One gear, all-terrain, 72 hour party
Have you ever read reports about or talked to friends that have gone to the Burning Man festival and all they can say is something along the lines of, ‘you’ve got to see it to believe it, dude. Seriously, you have to experience it to know it, man’? Well, that is very much the sum total of what I’m about to say about my experience of last weekend’s SSCXWC (Single Speed Cyclocross World Champs) in Victoria, BC.
You see, today I feel like how astronauts might feel after coming back to earth. You’ve seen so much that there’s no way to easily flatten the magnitude of the cosmos into a few simple-to-digest sentences. Nor, in fact, would a weighty tome be appropriate.
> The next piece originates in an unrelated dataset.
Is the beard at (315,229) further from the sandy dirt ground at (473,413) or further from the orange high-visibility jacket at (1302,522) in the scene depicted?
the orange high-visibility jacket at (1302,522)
But here’s a little taster in the form of a few poorly timed and executed photographs of the few things I could manage to lift my camera to. Nearly all weekend my face was in one of two positions: jaw-on-collar-stupefaction or head-straight-back-howling-at-the-moon-raging, so I was unable to capture the really brightly burning moments but could occasionally capture the fizzling afterglow of it all.
But here’s the primer for what the SSCXWC is somewhat about (I say somewhat because I think all 300 or so people who were there probably had their own personal odyssey this weekend, so this is just my take on it all): one gear is all you’ll need but two livers would be really useful.
Saturday consisted of the Feats Of Strength Qualifier, which was essentially a booze cruise around Victoria broken up with five challenges – a pump track and stairway race (which you can see Vancouver local and Nomad enduro action man, Chris Johnston getting neatly blocked from the win), a foot down competition, a five lap singletrack eliminator, a hillclimb and a sand trap distance challenge. Your performance in each on of these determined whether you scored high enough to get through to the main race on Sunday, or were clumped into the Everyone’s Not A Winner consolation race.
Saturday morning’s qualifiers started at Hoyne brewery and there were samples. A lot of them. We were one of the last groups to set off on Saturday and the result was that we started very nicely lubricated. Which also resulted in our group completing the loop in the dark.
There were more than a few Portlanders who’d made the journey to compete. Or is the correct term Portlandiers? Probably not. Either way, guys and gals from Portland were in attendance and they were quick to make friends. I mean, Victoria is BC’s version of Portland so it’s like they were playing on home turf.
This was the one remotely in-focus action shot I managed that day. Obviously I need to upgrade my camera…
When you, metaphorically speaking, take the bike out of the equation then you are left with the best bicycle event, literally. There were cyclocross bikes, fixies, tandems, shopping bikes, daily commuters, pub bikes, fat bikes, mountain bikes, klunkers, chariots; it really didn’t matter what you rode just so long as it had one gear and you were full of beer.
I’m not a racist but I consider myself an Unusual Day Eventist. The more that racing requires performance and competition to heat the beaker, the more I find the other good nutrients of an event are boiled out of the mix, hence why I prefer “events” over “races”. The SSCXWC was certainly an event because even though hot contenders like Scott Chapin were gunning for the win they weren’t going to miss a chance to dress up while trying to do so.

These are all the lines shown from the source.